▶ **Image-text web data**
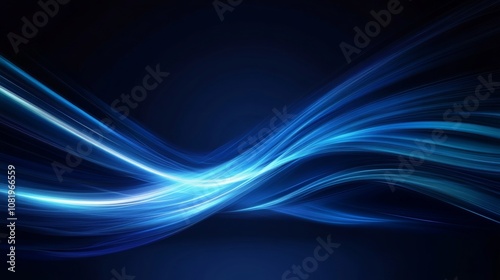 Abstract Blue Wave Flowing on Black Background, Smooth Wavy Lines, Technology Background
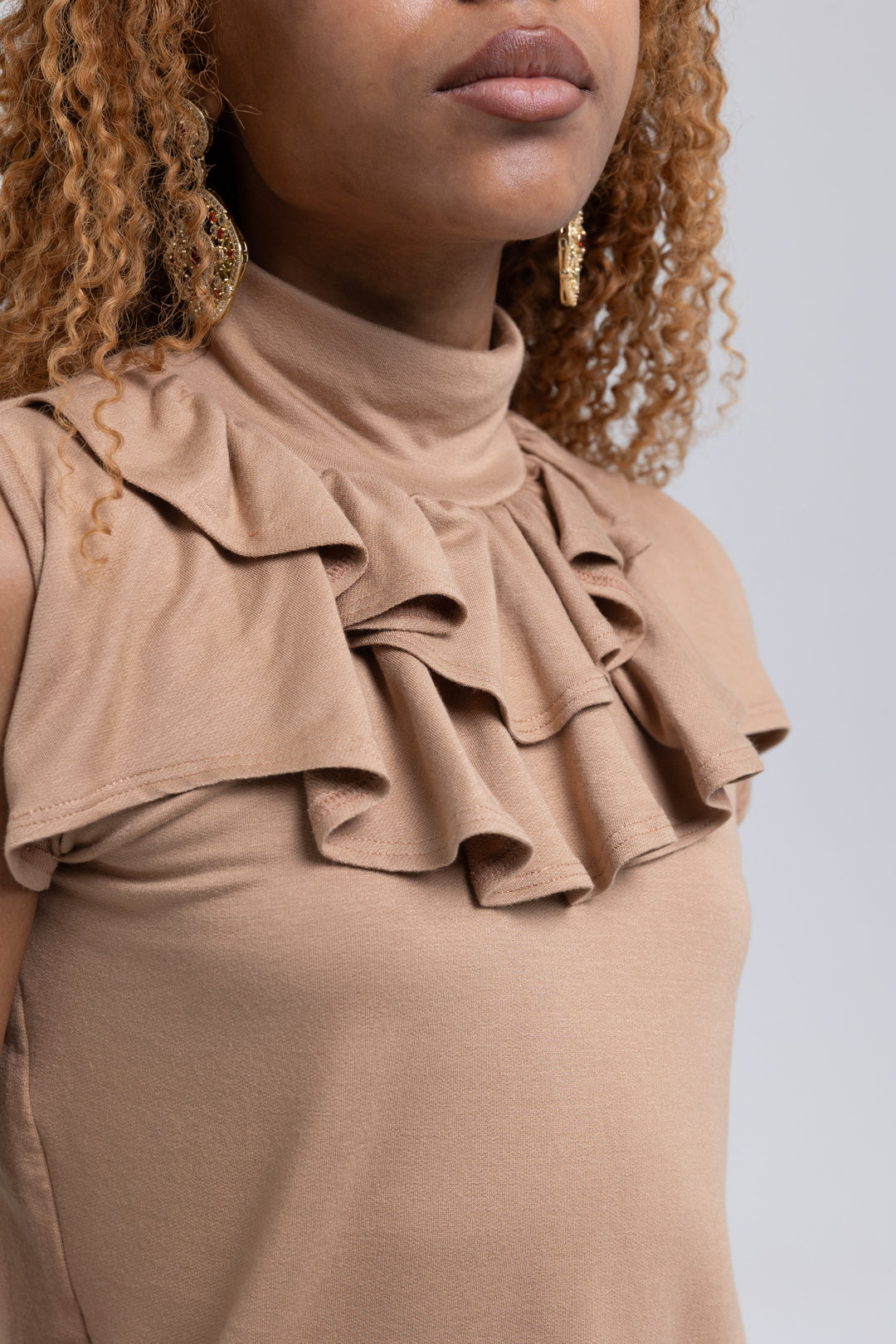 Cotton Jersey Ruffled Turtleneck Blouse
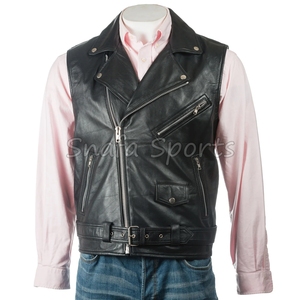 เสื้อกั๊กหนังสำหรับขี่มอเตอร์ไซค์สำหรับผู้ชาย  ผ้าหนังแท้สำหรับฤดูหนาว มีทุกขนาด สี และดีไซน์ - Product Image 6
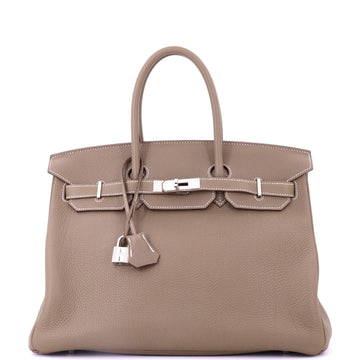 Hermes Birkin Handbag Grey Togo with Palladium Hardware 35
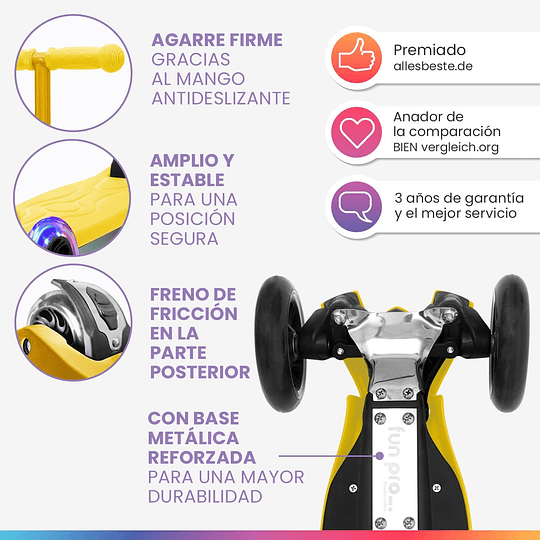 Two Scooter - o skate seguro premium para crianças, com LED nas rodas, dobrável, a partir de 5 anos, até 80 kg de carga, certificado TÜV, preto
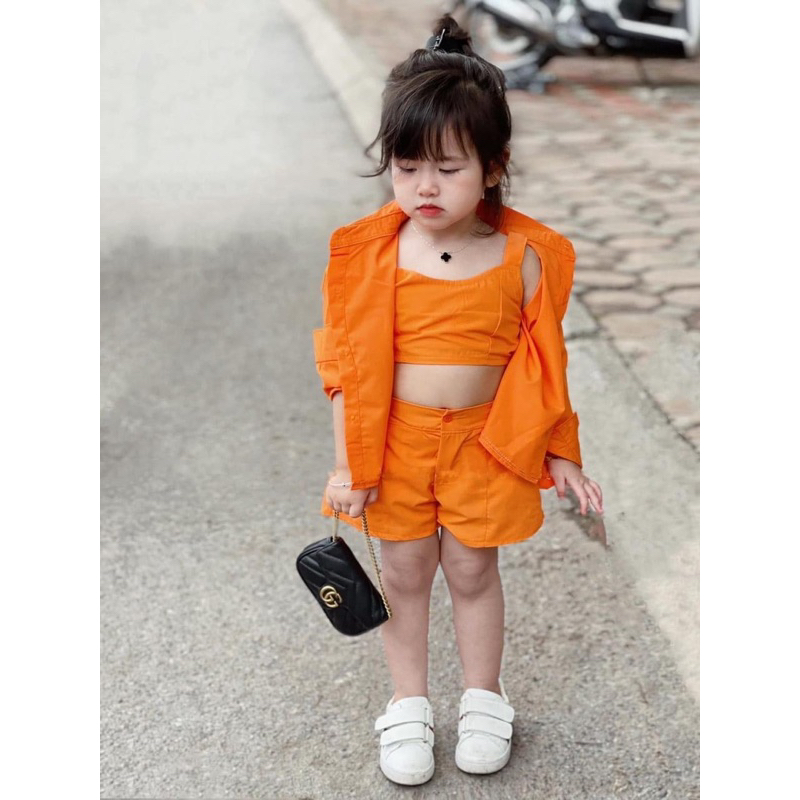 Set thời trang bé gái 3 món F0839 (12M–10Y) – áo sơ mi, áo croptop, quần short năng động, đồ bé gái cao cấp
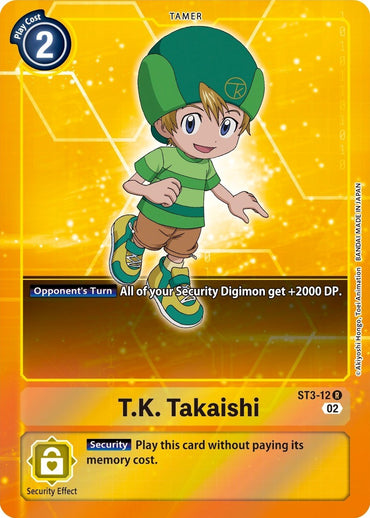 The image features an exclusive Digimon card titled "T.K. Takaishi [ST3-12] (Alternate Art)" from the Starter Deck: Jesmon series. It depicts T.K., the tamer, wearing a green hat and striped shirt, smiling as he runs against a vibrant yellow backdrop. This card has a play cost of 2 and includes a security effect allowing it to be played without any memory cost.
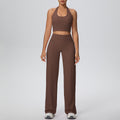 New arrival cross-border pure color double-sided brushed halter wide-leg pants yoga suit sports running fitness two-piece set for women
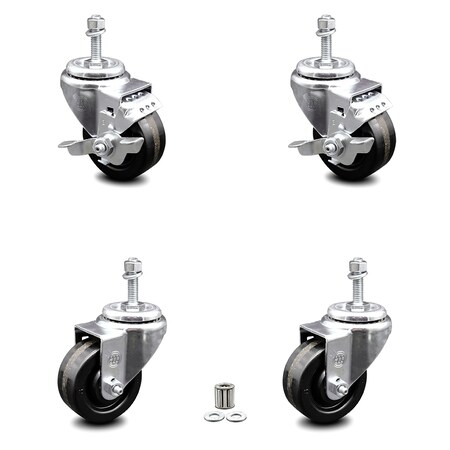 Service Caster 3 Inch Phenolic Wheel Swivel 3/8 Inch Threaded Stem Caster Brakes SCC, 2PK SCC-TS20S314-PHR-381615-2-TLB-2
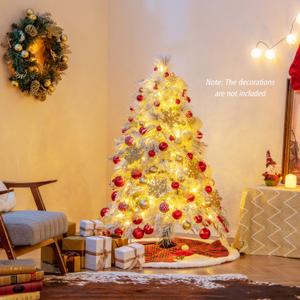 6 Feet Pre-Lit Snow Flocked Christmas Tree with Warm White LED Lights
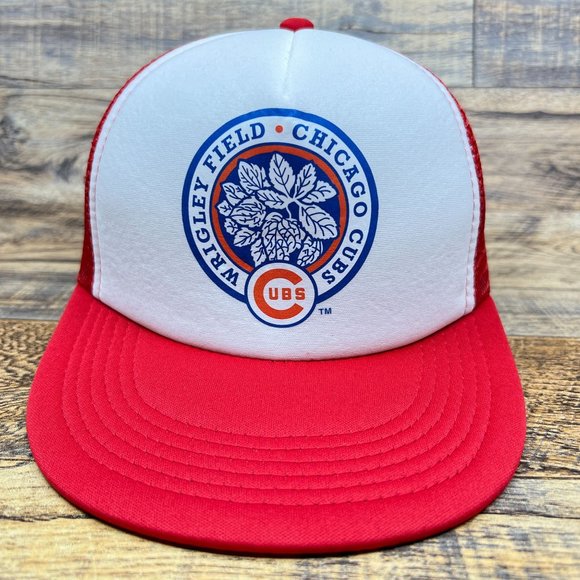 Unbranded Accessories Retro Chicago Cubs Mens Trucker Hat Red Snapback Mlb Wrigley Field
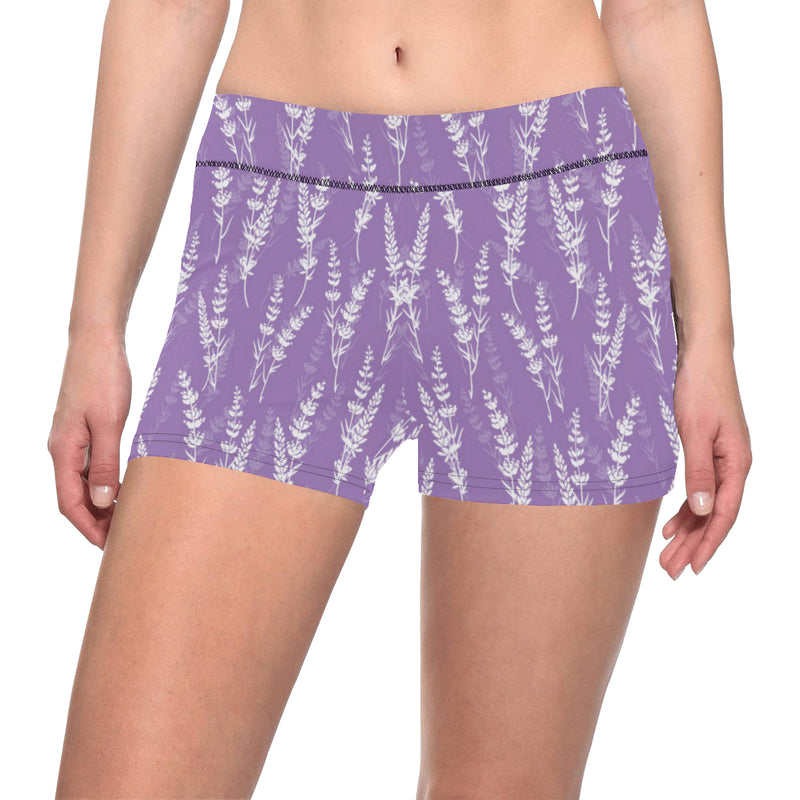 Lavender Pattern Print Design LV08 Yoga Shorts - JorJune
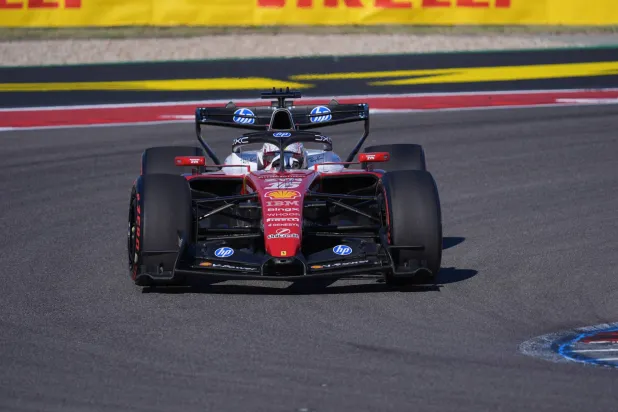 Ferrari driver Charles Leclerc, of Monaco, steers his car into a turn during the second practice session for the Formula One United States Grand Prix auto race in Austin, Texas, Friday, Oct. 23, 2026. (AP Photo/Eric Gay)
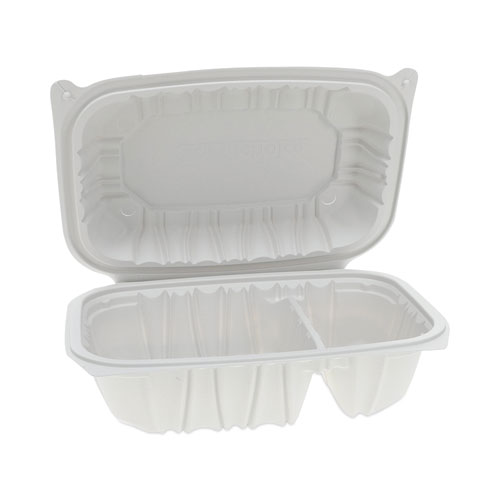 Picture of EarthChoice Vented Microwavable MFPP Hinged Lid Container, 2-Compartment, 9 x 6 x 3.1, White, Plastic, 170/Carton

▶ **ACTIVITY**
Once you find the line with "Cotton Jersey Ruffled Turtleneck Blouse", restate it and every later line of the data word for word, excluding the pictures.

▶ **TASK ANSWER**
 Cotton Jersey Ruffled Turtleneck Blouse
 เสื้อกั๊กหนังสำหรับขี่มอเตอร์ไซค์สำหรับผู้ชาย  ผ้าหนังแท้สำหรับฤดูหนาว มีทุกขนาด สี และดีไซน์ - Product Image 6
 Hermes Birkin Handbag Grey Togo with Palladium Hardware 35
 Two Scooter - o skate seguro premium para crianças, com LED nas rodas, dobrável, a partir de 5 anos, até 80 kg de carga, certificado TÜV, preto
 Set thời trang bé gái 3 món F0839 (12M–10Y) – áo sơ mi, áo croptop, quần short năng động, đồ bé gái cao cấp
 The image features an exclusive Digimon card titled "T.K. Takaishi [ST3-12] (Alternate Art)" from the Starter Deck: Jesmon series. It depicts T.K., the tamer, wearing a green hat and striped shirt, smiling as he runs against a vibrant yellow backdrop. This card has a play cost of 2 and includes a security effect allowing it to be played without any memory cost.
 New arrival cross-border pure color double-sided brushed halter wide-leg pants yoga suit sports running fitness two-piece set for women
 Service Caster 3 Inch Phenolic Wheel Swivel 3/8 Inch Threaded Stem Caster Brakes SCC, 2PK SCC-TS20S314-PHR-381615-2-TLB-2
 6 Feet Pre-Lit Snow Flocked Christmas Tree with Warm White LED Lights
 Unbranded Accessories Retro Chicago Cubs Mens Trucker Hat Red Snapback Mlb Wrigley Field
 Lavender Pattern Print Design LV08 Yoga Shorts - JorJune
 Ferrari driver Charles Leclerc, of Monaco, steers his car into a turn during the second practice session for the Formula One United States Grand Prix auto race in Austin, Texas, Friday, Oct. 23, 2026. (AP Photo/Eric Gay)
 Picture of EarthChoice Vented Microwavable MFPP Hinged Lid Container, 2-Compartment, 9 x 6 x 3.1, White, Plastic, 170/Carton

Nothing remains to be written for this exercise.